Support services offered parents and their children to increase their awareness of the problem. The society also becomes aware of how to report or deal with a neglected child in the community. Child abuse policy also helps to improve children’s performance at school and non-curricular activities. The policy has helped in the betterment of the society by providing a forum where children and parents can come together and learn from one another. The policy provides social support in order to reduce the number of stressors to parents. For instance, providing financial assistance in case of poor financial situation, helping them recover from substance abuse or domestic violence (Flaherty et al., 2008)

The policy contributes to the positive social relations between the target populations and the overall society. This is achieved through the change of behavior of the parent and the child. The society has its norms and ethics that every member of the society is expected to follow. Every parent is supposed to follow the expected code of conduct of a particular community that he or she belongs to, and if they do not follow, they are considered as immoral by the society. The policy aims at making sure that the guardian of the affected child follows the required ethics of the society. Positive social relationship is promoted by changing the behavior of the person abusing a child into a behavior that is desirable in the society (Abel, 2009).

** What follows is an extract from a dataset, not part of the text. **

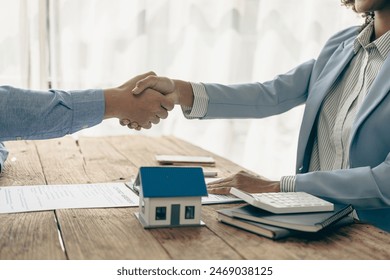 A real estate agent and a customer discuss a contract to buy insurance or a loan on real estate or property. A real estate agent shakes hands and delivers a sample home to the customer. - Powered by Shutterstock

The goals of the policy are consistent with the values of a professional social worker. Just like in the goals of the policy, a social worker is to ensure that the society lives in harmony, without discrimination of certain individuals. This involves serving the society and spending most of time investigating and trying to find out whether there are neglected individuals in the society, including the elderly, sick young children, and the handicapped. A social worker must follow the rules and regulations provided by the policy to investigate the issues and ensure that social justice is observed. The values of a social worker are consistent with the goals of the policy, because a social worker also deals with the rights of the most vulnerable people in the society. The social worker must have legal knowledge regarding the policy to help the abused children in the society (Finkelhor, Jones, & Shattuck, 2011). A social worker aims at improving the status of the family by providing family education, guiding, and counseling. They help parents to recover from substance abuse, that is a major cause of child abuse and neglect.

Conclusion

Child abuse is an intense and horrific problem, which began as a social issue in the early 1960’s. For a long time, children have been neglected and abused, especially in undeveloped countries, where parents view children as their property. Children are abused and neglected, and not all cases of neglect are handled, since they are never reported to the appropriate authorities. Over 903,000 children were confirmed as victims of child mistreatment, 57% suffered neglect, 19% were physically abused, and 7% were psychological maltreated. Single mothers are at greater risk of abusing their children, they are likely to fall within a disadvantaged social group.Under Texas Administrative Code, Title 40, Part 19, Chapter 700, Subchapter G, Rule & 700.701, an authorized DFPS staff can investigate a case of suspected child abuse or prosecute a suspect in cases of child neglect. Care Placement Services (CPS), Child Abuse Prevention and Treatment Act (CAPTA), Department of Family and Protective Services (DFPS), and Child Care Licensing Division agencies work together to ensure the implementation of the policy. The policy has helped in creating a better society by minimizing the cases of drug abuse, risky sexual behaviors, and domestic violence.